Jakarta - Nilai tukar rupiah terhadap dolar AS terus melemah. Posisi dolar AS mendekati Rp 11.000. Namun ada beberapa sektor industri yang tidak terkena dampak dari situasi ini.

Ketua Umum Gabungan Pengusaha Eksportir Indonesia Benny Soetrisno mengungkapkan, ada industri yang diuntungkan dan dirugikan saat kondisi rupiah terus melemah.


"Yang paling diuntungkan dari pelemahan nilai tukar rupiah adalah sektor industri yang bahan bakunya atau biaya produksi menggunakan mata uang rupiah, contohnya industri kelapa sawit, ada tambahan dia dari pelemahan rupiah," kata Benny saat ditemui di Hotel Sultan, Jakarta, Rabu (21/8/2013).


Benny beralasan, semua ongkos produksi industri sawit, mulai dari bahan baku, biaya karyawan, hingga proses produksi lainnya menggunakan mata uang rupiah. Sedangkan hasilnya akan diekspor dan pengusaha menerima pendapatan berupa dolar AS yang kemudian ditukar ke rupiah. Imbasnya, pengusaha mendapatkan rupiah yang lebih banyak karena adanya pelemahan nilai tukar.


Selain sawit, industri karet (ban) juga diuntungkan saat mata uang rupiah melemah. "Industri ban juga, karena karetnya beli pakai rupiah. Listrik dan buruh dibayar pakai rupiah dan hasilnya diekspor sehingga mendapatkan dolar, kemudian ditukar kembali ke rupiah hasilnya lebih banyak," imbuhnya.


Sementara industri yang terkena dampak langsung dari adanya pelemahan rupiah, salah satunya industri manufaktur. Industri manufaktur di Indonesia menurutnya masih mengandalkan bahan baku impor.


"Yang sulit itu industri yang bahan baku impor. Bahan baku impor misalnya tekstil dari kapas hampir 99% kita masih impor.

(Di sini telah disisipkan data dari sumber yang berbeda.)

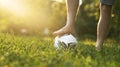 Male foot without shoes on a soccer ball on a grassy field with a sun glare and a copy space. Royalty Free Stock Photo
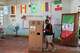 A voter marks his ballot in a classroom decorated with flags of countries participating in the World Cup serving as a polling station during the presidential runoff election in Santander de Quilichao, Colombia, Sunday, June 21, 2026.
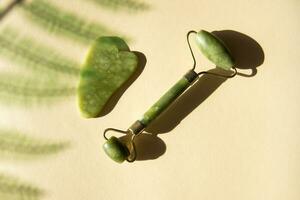 Jade Gua sha scraper and facial massager on beige background. photo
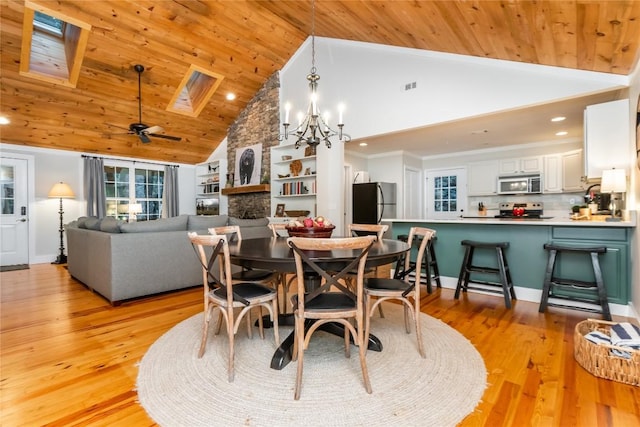 dining space featuring wood ceiling, a skylight, high vaulted ceiling, and light hardwood / wood-style flooring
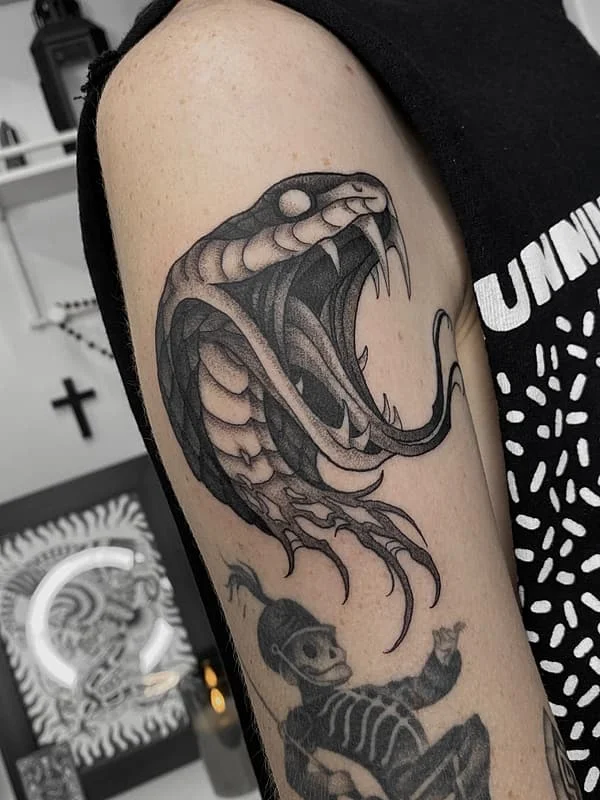 Black-and-grey snake tattoo on arm.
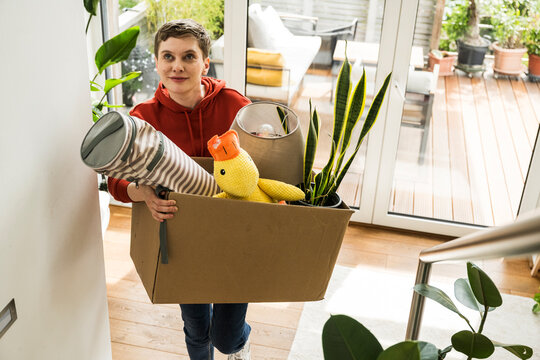 Person carrying a box with home items while moving indoors smiling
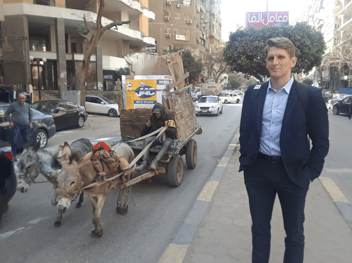 A man in a suit standing next to a donkey pulled cart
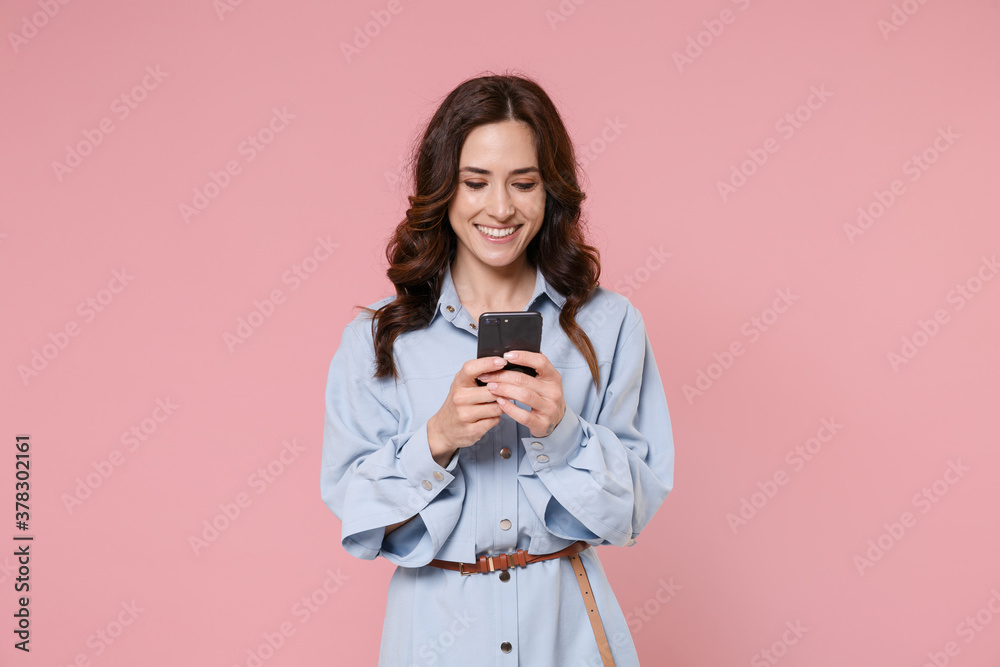 Wall mural smiling cheerful funny young brunette woman 20s wearing casual blue shirt dress posing standing usin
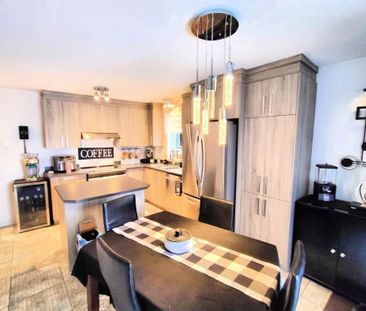 Logement à louer, proximité services, cour privée - Photo 1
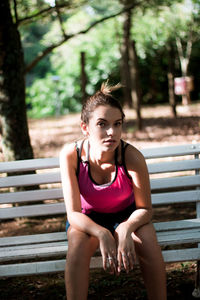 Portrait of teenage girl sitting on bench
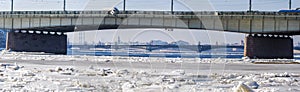 Spring ice drift on the Neva. Liteyny Bridge and Troitsky.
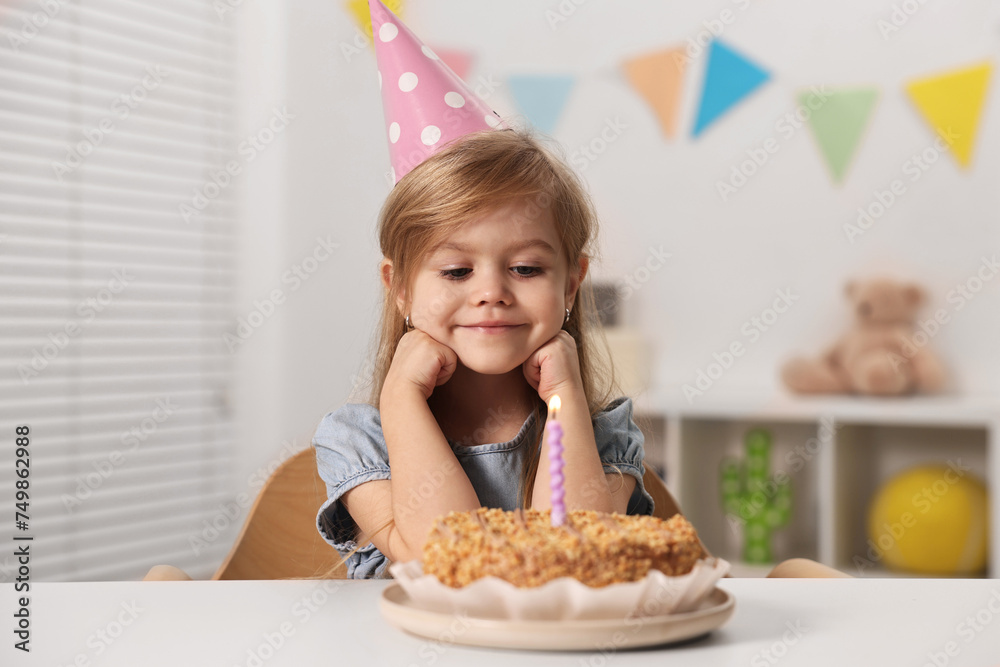 Cute girl in party hat with birthday cake at table indoors Cute girl in party hat with birthday cake at table indoors
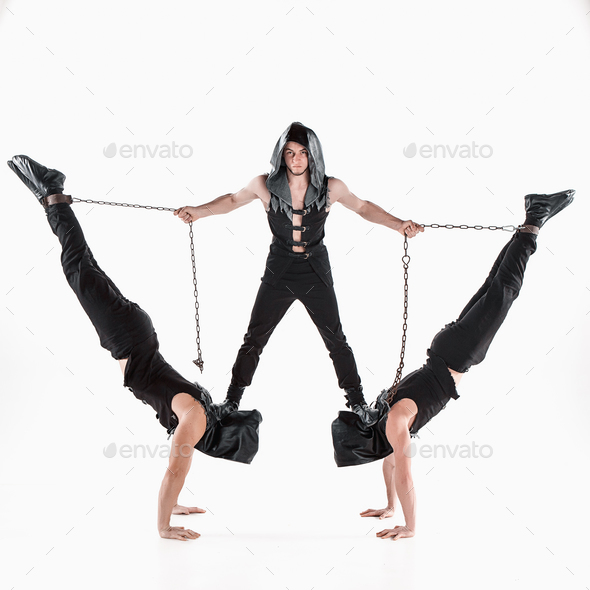 The group of gymnastic acrobatic caucasian men on balance pose - Stock Photo - Images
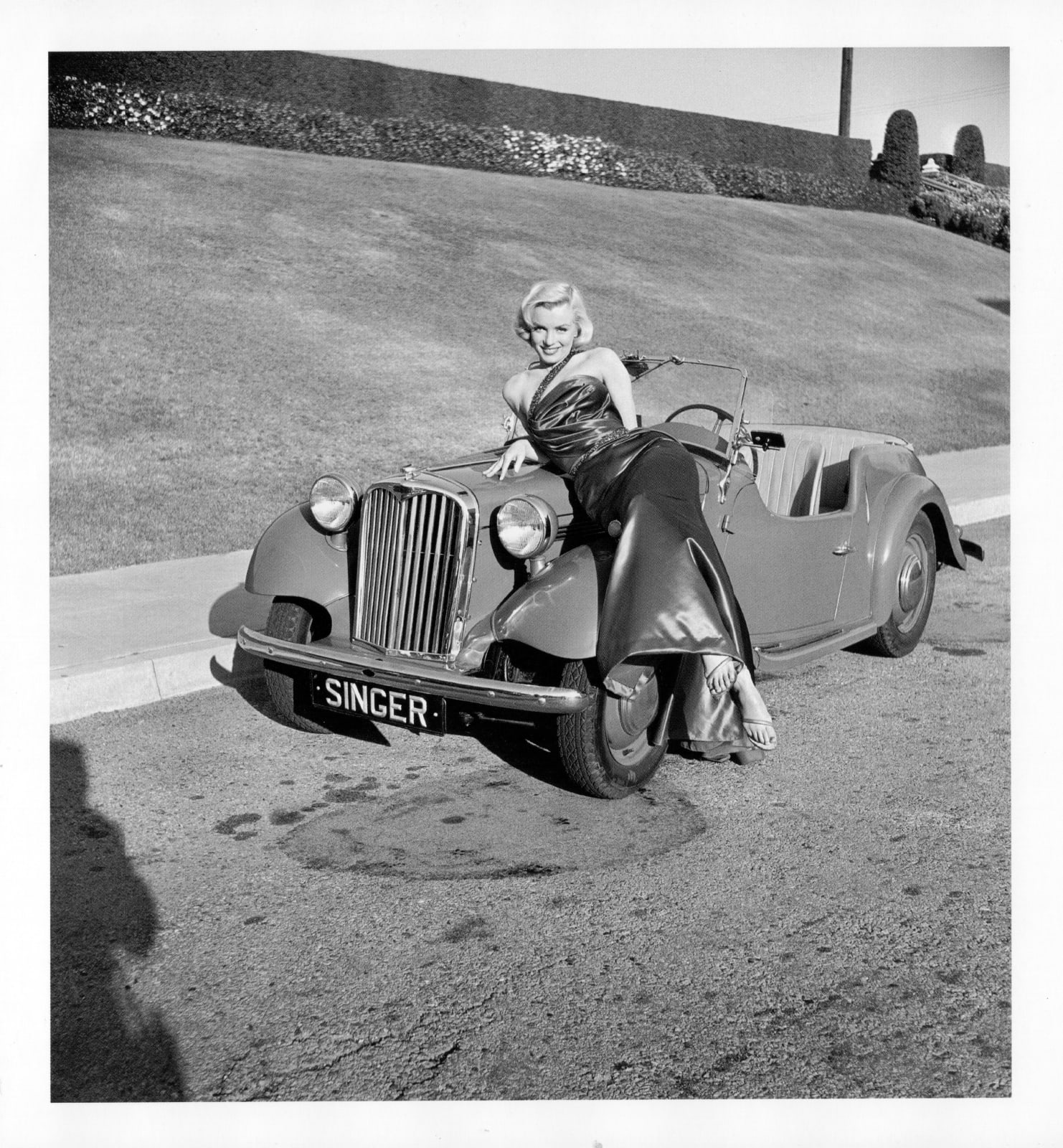 Frank Worth, Marilyn Monroe Leaning Against Singer Automobile, 1953
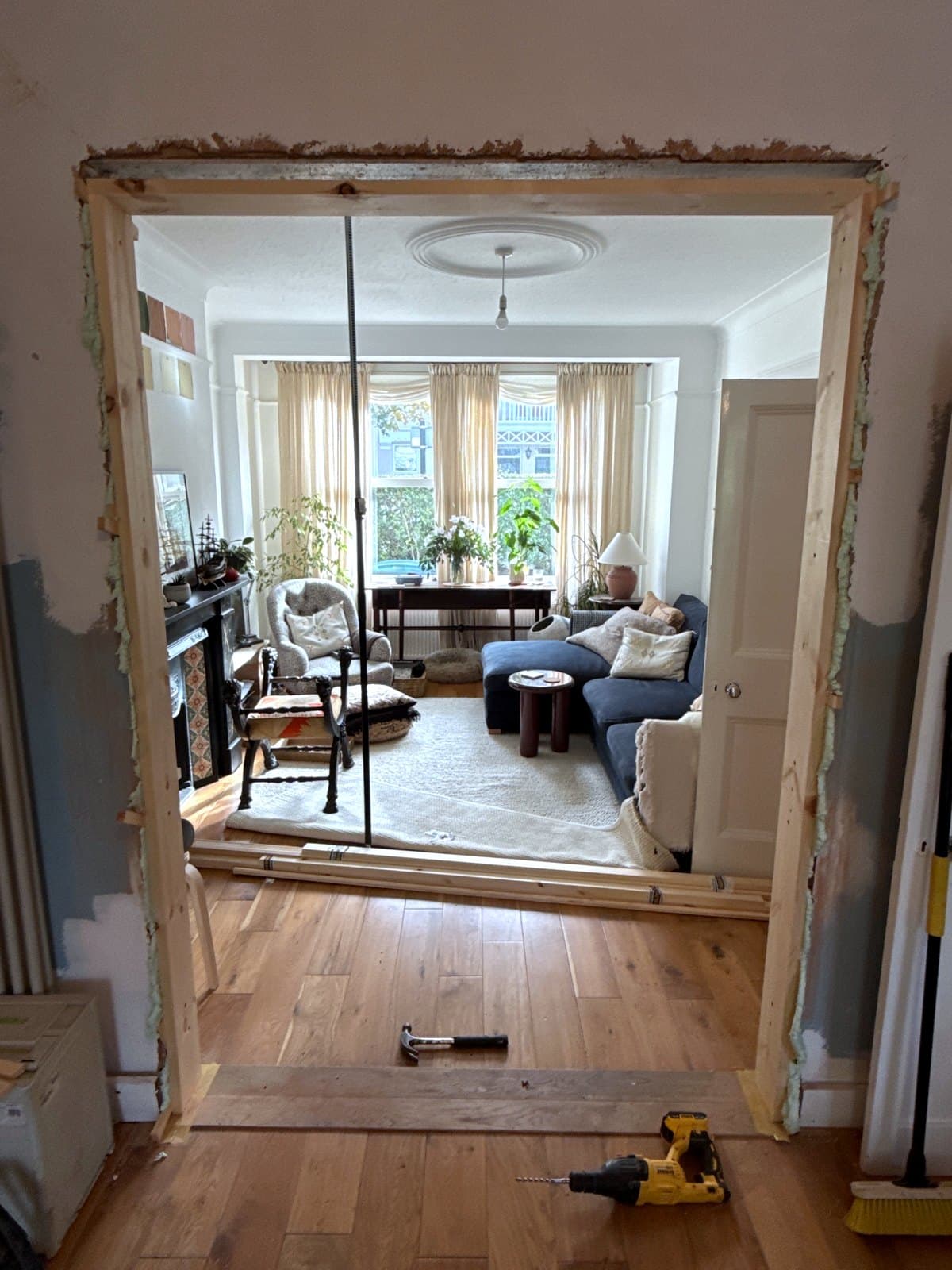 The new frame standing in the opening, propped and checked with a laser level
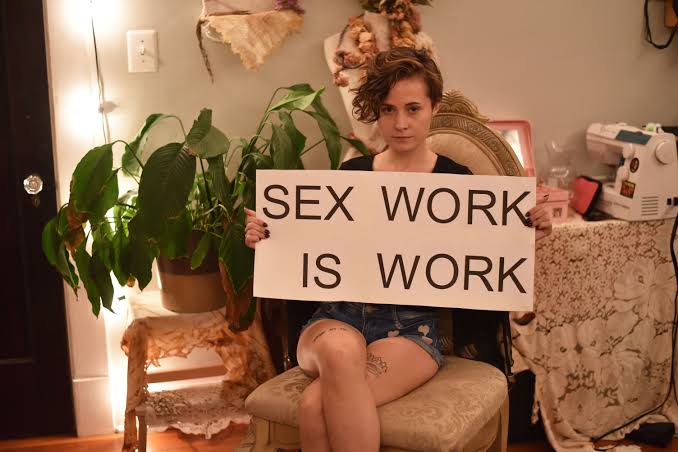 Clothed person seated in a chair holding a sign that reads SEX WORK IS WORK in a home setting.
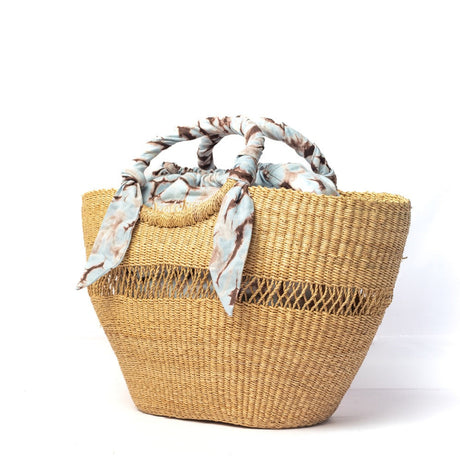 Woven straw bag with floral handle on a white background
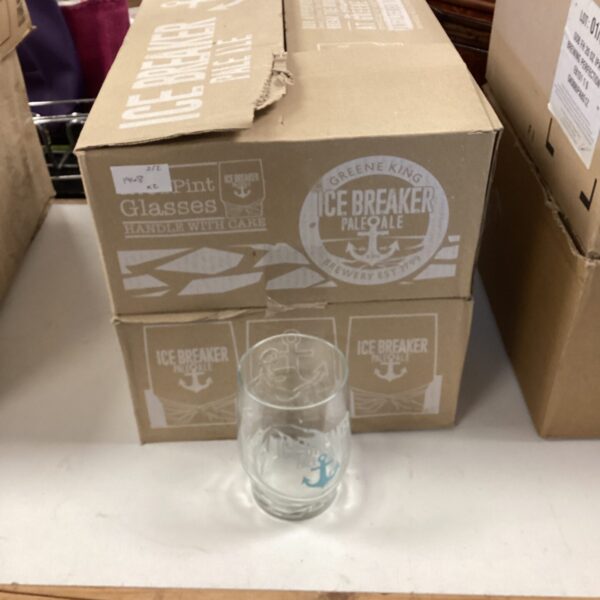 Lot of twenty-four Ice Breaker Pale Ale pint glasses stacked in a box.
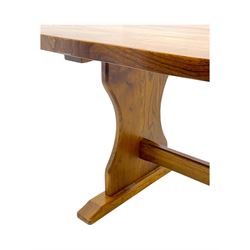 Late 20th century oak trestle table, rectangular top with naturalistic edge, supported by two curved pedestal bases united by central stretcher, on block feet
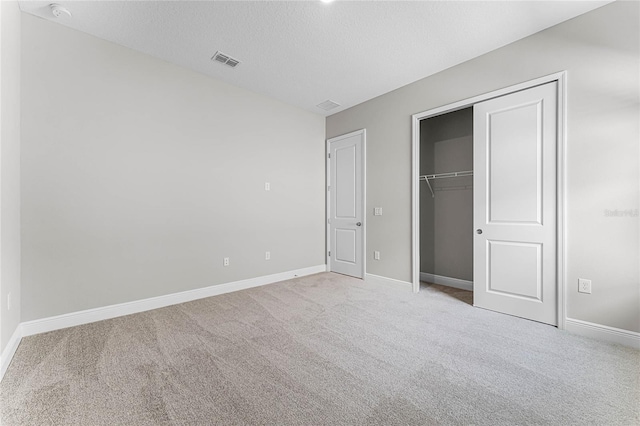 unfurnished bedroom featuring light carpet, a textured ceiling, and a closet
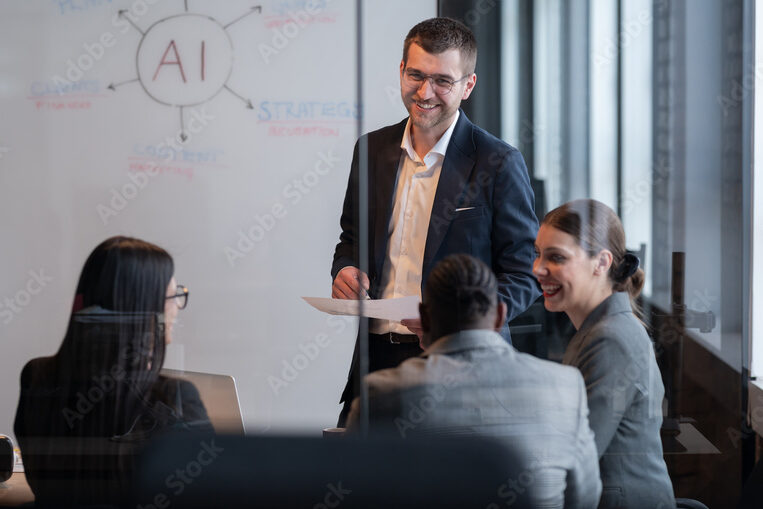 Smiling professionals in front of a whiteboard reading “AI"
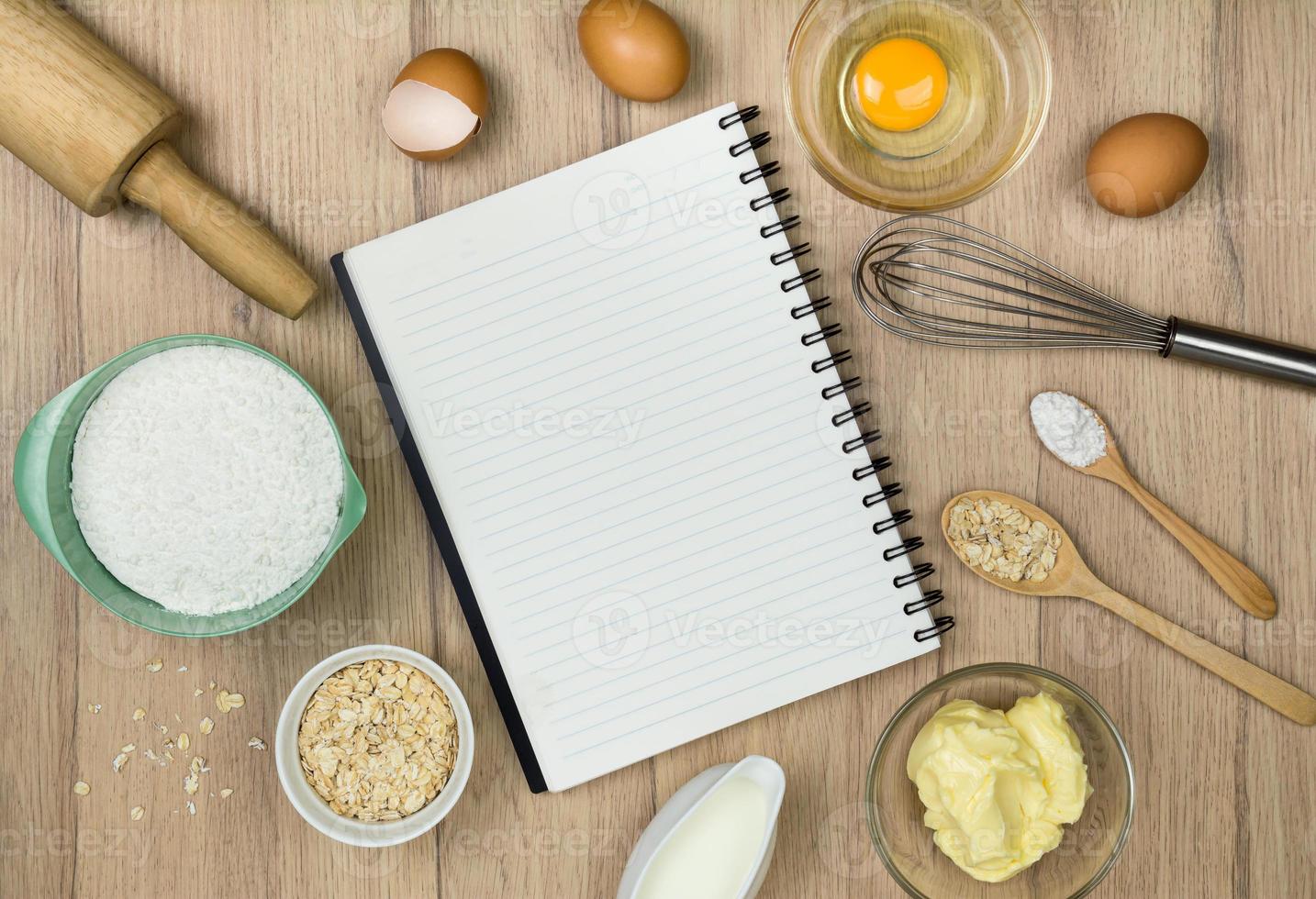 Vista superior de herramientas e ingredientes para hornear pasteles y cuaderno en blanco sobre fondo de madera foto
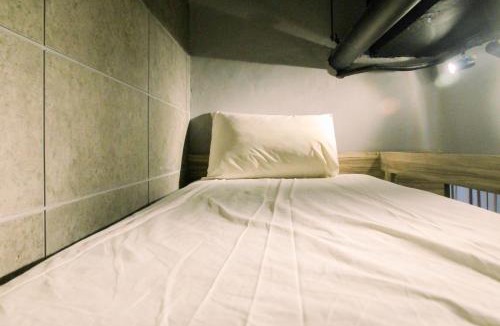 Pondokcina Apartment | Homey 1BR at 15th Floor Apartment at Atlanta Residences By Travelio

Jadi industri manufaktur yang bahan baku impor dan kemudian hasilnya diekspor itu tidak ada keuntungan apa-apa," imbuhnya.


Benny berharap, pelemahan nilai tukar rupiah tidak sampai 10%. Pasalnya jika ini terjadi maka pengusaha sulit mengatur perencanaan bisnisnya.


"Jelasnya, kalau ekspor lebih bagus karena adanya pelemahan rupiah. Kalau melemah boleh tetapi jangan lari dari 10%. Kalau lebih dari 10% mengatur perencanaannya yang sulit. Takut nanti ada kekalahan kurs," cetusnya.